最近はSTEAMでも配信され、PCでも楽しむことができるようになりました。
私が知っているものだけでも、英語版、中国版、ブラジル版といった言語バリエーションの他に、クトゥルフを題材にした「ラブクラフト・レター」、バットマン、スターウォーズ、漫画宝石の国とのコラボ版、おそ松さんともコラボしました。やあ、すさまじいですね。軽く情報サイトを除くと、基本である「ラブレター」だけで、50種類近くの言語やパッケージを変えたバリエーションがあるらしいです。
アークライト
どんなゲームを出すのさ
今回出すのは二作。『The Last Brave』と『CHAINsomnia~アクマの城と子どもたち~』とのこと。
「Fate/Grand Order」自体のフィギュアチェスボードゲームも最近出しましたが、そちらはもう皆さん知っていたり、情報が各所に出ていますので、今回は横においておきましょう(ごめんね、なすびちゃん)。
今回発表されたのはこの二作ですね。『The Last Brave』 のイラストはラブレターと同じ人でしょうか。パッケージからはいつものカナイセイジ作品といった感じ。一方で『CHAINsomnia~アクマの城と子どもたち~』は、かわいらしいイラスト。
この時点で、ボードゲーマーは「The Last Brave」に興味をひかれる人が多いのではないでしょうか。なによりもパッケージの時点で「デザイン・カナイセイジ」と記述されています。
引用しましょう。
『The Last Brave』は、カナイセイジ氏(カナイ製作所 代表)がゲームデザインを手掛けた“勇士創像バトルロイヤルカードゲーム”です。約2400通りのキャラクターの組み合わせと、ゲームの序盤と終盤で大きく変化する戦況を見極めて戦う戦略性が特徴です。

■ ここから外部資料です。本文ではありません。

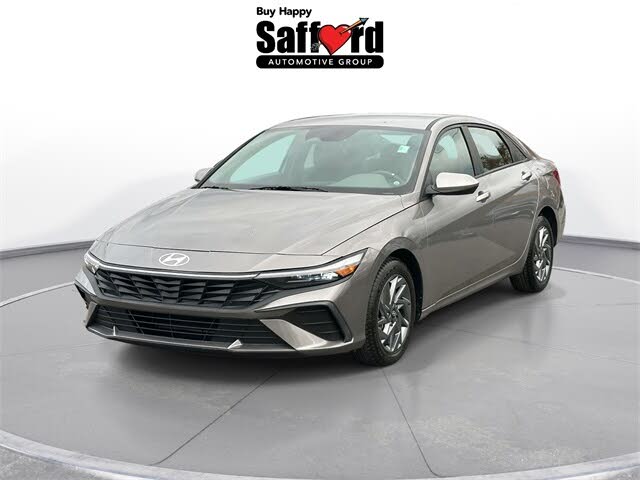 2024 Hyundai Elantra SEL FWD
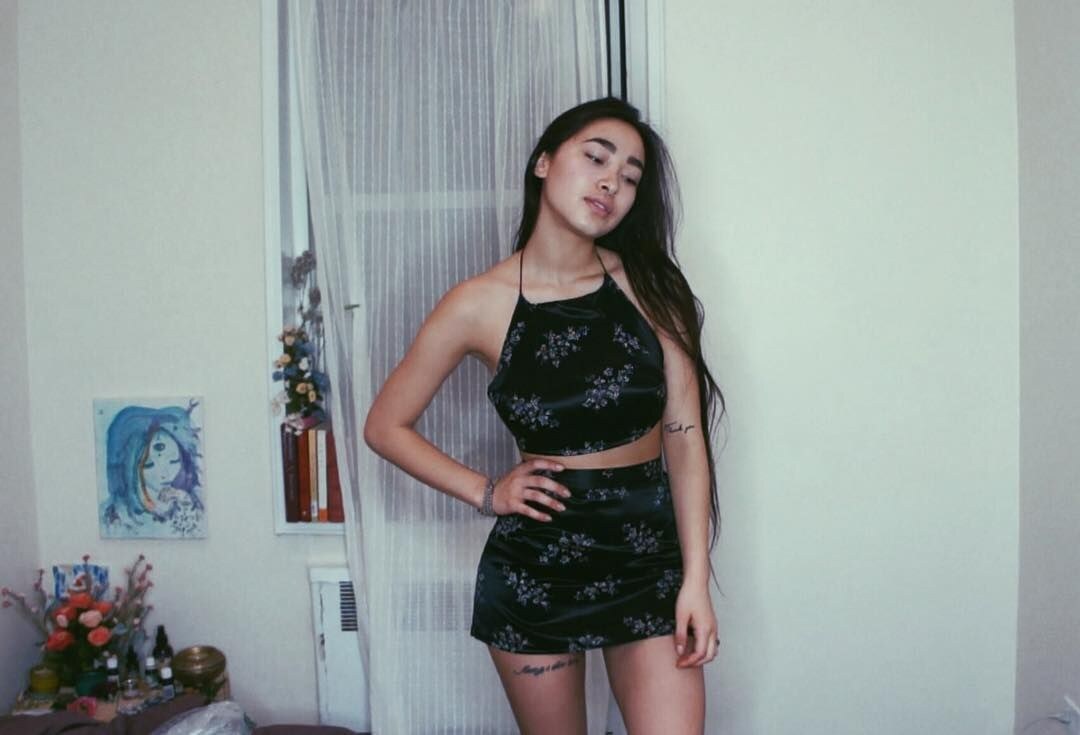 Hitomi Mochizuki Photo #22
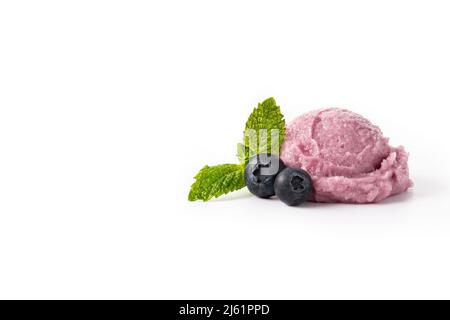 Heidelbeer-Eislöffel isoliert auf weißem Hintergrund Stockfoto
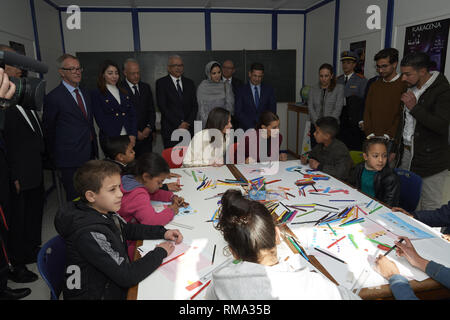 Rabat, Marocco. Xiv Feb, 2019. Regina Letizia di Spagna, Principessa Lalla Meryem del Marocco assiste un incontro con i bambini e con i giovani nella reception e il reinserimento a scuola della seconda opportunità il 14 febbraio 2019 in Sale-Rabat, Marocco.La spagnola Royals sono su di una visita di due giorni in Marocco Credit: Jack Abuin/ZUMA filo/Alamy Live News Foto Stock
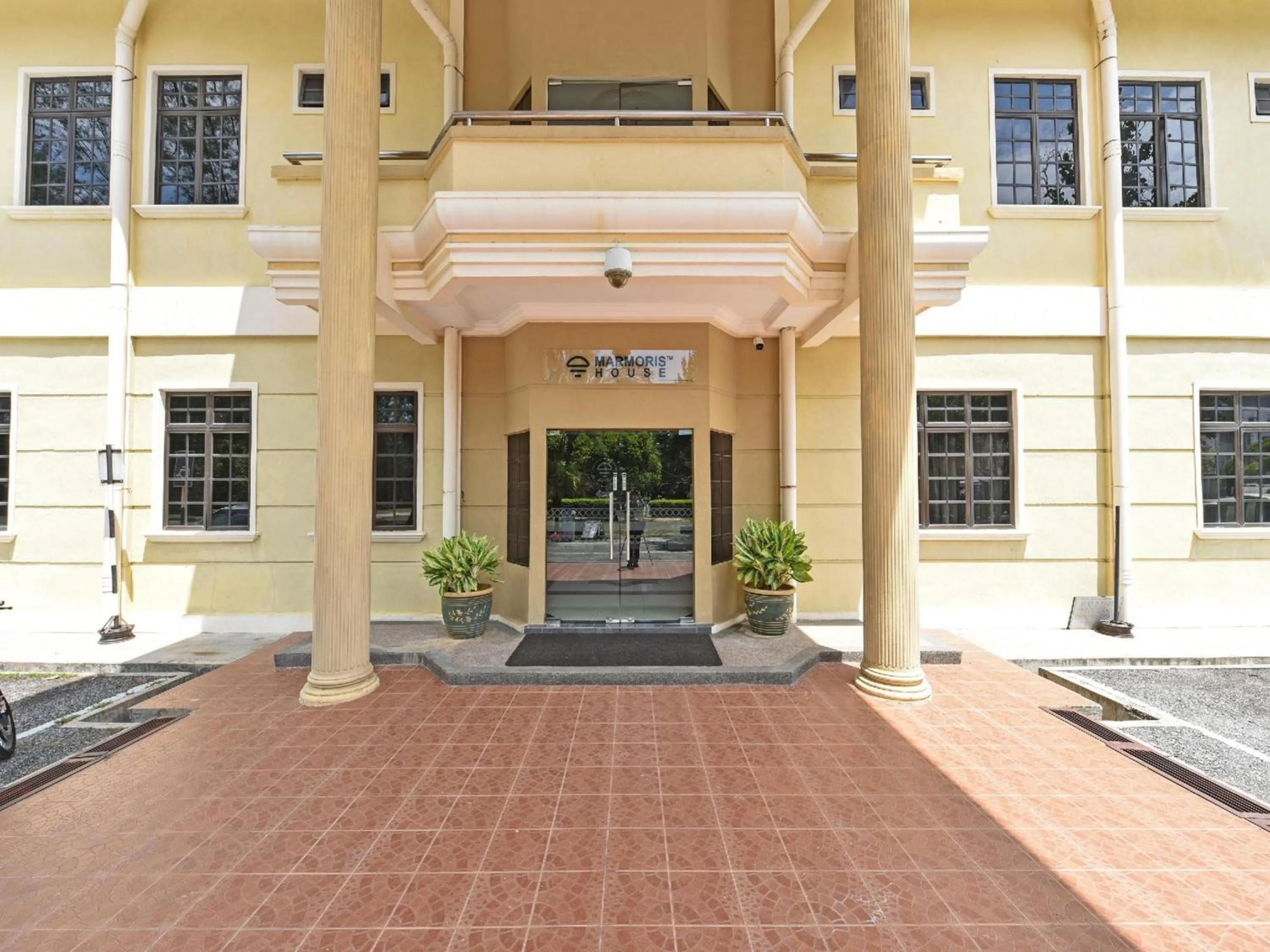 Facade/entrance in Capital O 90434 Marmoris House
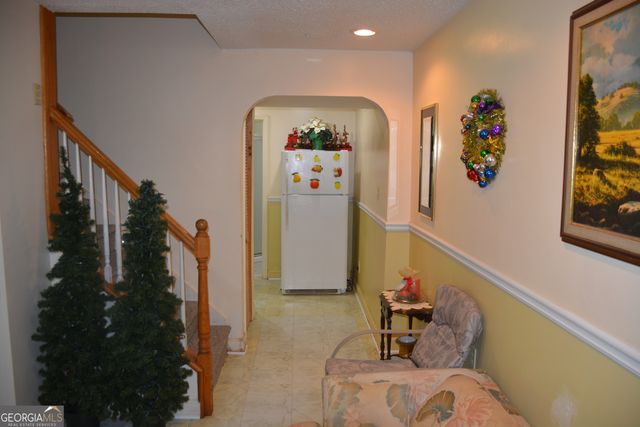 862 Fireside Way, Stone Mountain, GA 30083
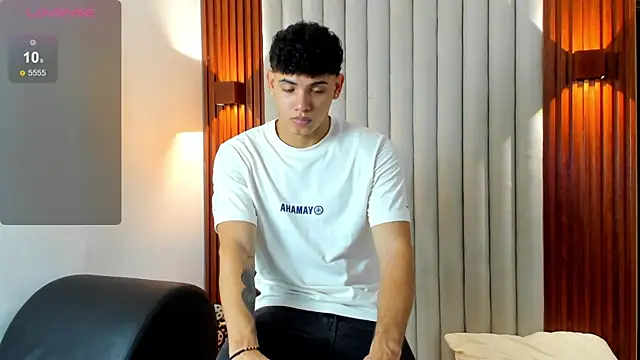 Snapshot of Justin_mack chatting on November 11, 2025, 11:54 am Justin mack online show from November 11, 2025, 11:54 am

『CHAINsomnia~アクマの城と子どもたち~』は、ディライトワークスが企画・開発を行い、カナイセイジ氏と白坂翔氏(JELLY JELLY CAFE代表)が監修した“探索×協力型脱出ゲーム”です。プレイヤー同士で相談し、助け合いながら進む戦略性や、ランダムで生成される城のマップなど、何度でも新鮮な感覚で遊べることが特徴です。 最新情報 | ディライトワークス株式会社
やはり、それぞれでゲームデザインが違うのですね。
新入社員が開発したゲーム『CHAINsomnia~アクマの城と子どもたち~』
2018年の新入社員さんが開発し、その監修をカナイセイジさんとボードゲームカフェJELLY JELLY CAFE代表の白坂翔さんが行ったとのこと。強力型ということで、ゲームクリアを目指して、皆で相談しながらゲームを進めるタイプみたいですね。エンディングが複数用意されていて、高難易度とのこと。これは、燃えます!!
キャラクターを選択し、タイルを引いていくことによってマップが生成されていき、その中を探索していくなかでアイテム、能力、イベントを解決していく。といったような協力型ゲームの定番を手堅く抑えている印象です。可愛らしいキャラクター、カードテキスト、と、TCGの雰囲気もちょっとあるかもしれませんね。ルールブックは20ページを超えていて、かなりガッツリなゲームの印象です。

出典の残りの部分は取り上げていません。